Assessing the growth rate of the South Atlantic coral species Mussismilia hispida (Verrill, 1902) using carbon and oxygen stable isotopes

Abstract

Determining a coral's growth rate is one of the first steps for establishing if a species can serve a suitable natural archive for assessing and investigating past environments and climates in tropical oceans. Carbon and oxygen stable isotope ratios (δ13C and δ18O) are commonly used as proxies for cloud cover and sea surface temperatures (SST) respectively. Once those proxies are shown to have annual seasonality, the lengths and numbers of δ13C and δ18O cycles can be used to estimate growth rates and to date coral records.
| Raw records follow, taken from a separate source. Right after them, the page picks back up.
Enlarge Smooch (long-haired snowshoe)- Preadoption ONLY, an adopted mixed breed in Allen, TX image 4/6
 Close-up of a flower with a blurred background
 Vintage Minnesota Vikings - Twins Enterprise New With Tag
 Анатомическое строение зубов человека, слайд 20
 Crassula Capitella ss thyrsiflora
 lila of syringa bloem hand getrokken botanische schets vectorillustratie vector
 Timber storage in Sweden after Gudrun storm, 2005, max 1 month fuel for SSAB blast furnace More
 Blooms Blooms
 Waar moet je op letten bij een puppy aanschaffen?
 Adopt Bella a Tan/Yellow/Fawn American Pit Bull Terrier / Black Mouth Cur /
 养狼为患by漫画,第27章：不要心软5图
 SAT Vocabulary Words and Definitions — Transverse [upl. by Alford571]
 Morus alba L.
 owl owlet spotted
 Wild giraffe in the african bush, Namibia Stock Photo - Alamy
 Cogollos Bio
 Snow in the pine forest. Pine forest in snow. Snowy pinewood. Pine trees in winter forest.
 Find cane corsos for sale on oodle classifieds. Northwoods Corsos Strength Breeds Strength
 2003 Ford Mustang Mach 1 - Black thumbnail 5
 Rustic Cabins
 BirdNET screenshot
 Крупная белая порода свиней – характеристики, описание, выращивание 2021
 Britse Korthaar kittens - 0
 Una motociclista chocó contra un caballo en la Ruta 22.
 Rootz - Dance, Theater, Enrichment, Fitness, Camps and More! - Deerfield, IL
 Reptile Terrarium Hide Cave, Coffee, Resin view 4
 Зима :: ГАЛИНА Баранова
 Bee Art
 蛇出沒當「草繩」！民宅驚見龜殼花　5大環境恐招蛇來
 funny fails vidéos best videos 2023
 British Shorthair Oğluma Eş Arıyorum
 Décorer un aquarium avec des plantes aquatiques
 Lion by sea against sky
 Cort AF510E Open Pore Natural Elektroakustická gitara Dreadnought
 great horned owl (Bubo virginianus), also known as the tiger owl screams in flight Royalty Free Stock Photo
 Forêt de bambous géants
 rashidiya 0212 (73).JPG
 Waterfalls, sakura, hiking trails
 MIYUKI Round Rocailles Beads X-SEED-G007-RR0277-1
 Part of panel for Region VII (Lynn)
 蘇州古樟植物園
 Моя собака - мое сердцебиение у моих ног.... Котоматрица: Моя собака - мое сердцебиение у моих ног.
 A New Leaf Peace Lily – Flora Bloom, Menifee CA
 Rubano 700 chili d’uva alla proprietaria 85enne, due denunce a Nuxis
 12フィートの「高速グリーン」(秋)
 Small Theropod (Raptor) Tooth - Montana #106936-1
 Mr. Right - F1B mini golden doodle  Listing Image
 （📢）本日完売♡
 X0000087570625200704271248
We investigated the growth rate of Mussismilia hispida (Verrill, 1902), a coral species endemic to the western South Atlantic, using a high-resolution sampling technique (0.5 mm) to retrieve carbonate powder from the corallite theca walls of three colonies (13MH-1, 13MH-2, and 13MH-3) for δ13C and δ18O analyses. High-resolution sampling allowed us to fully track annual isotopic cycles through continuous sections of coral skeletons using isotopic cycle lengths (i.e., the distance between two peaks) to estimate growth rates. To validate that isotopic cycles were truly annual, two samples of colony 13MH-1 were dated by U–Th series. The colonies, 13MH-1, 13MH-2, and 13MH-3 presented mean growth rates of 2.83 ± 0.51, 3.21 ± 0.86, and 3.71 ± 0.82 mm/year respectively. U–Th dating of two samples from colony 13MH-1 indicated a time interval of 13 years (1944–1955), during which the mean growth rate was 3.57 ± 1.03 mm/year – similar to the stable isotope results. Our results showed that the δ18O and δ13C records of M. hispida colonies at the Rocas Atoll are dominated by short and medium-term variations. The short-term variations appear to be governed by annual seasonality (i.e., SST and solar radiation levels) and were used to determine the extension rates of the three colonies, whereas, the medium-term variation has a decadal signal and seems to be governed by different climate patterns that affect rainfall variability and interannual SST in the South Atlantic Ocean. The well-defined cycles of M. hispida, together with its widespread geographical distribution, make it a promising natural archive for environmental and climate reconstructions.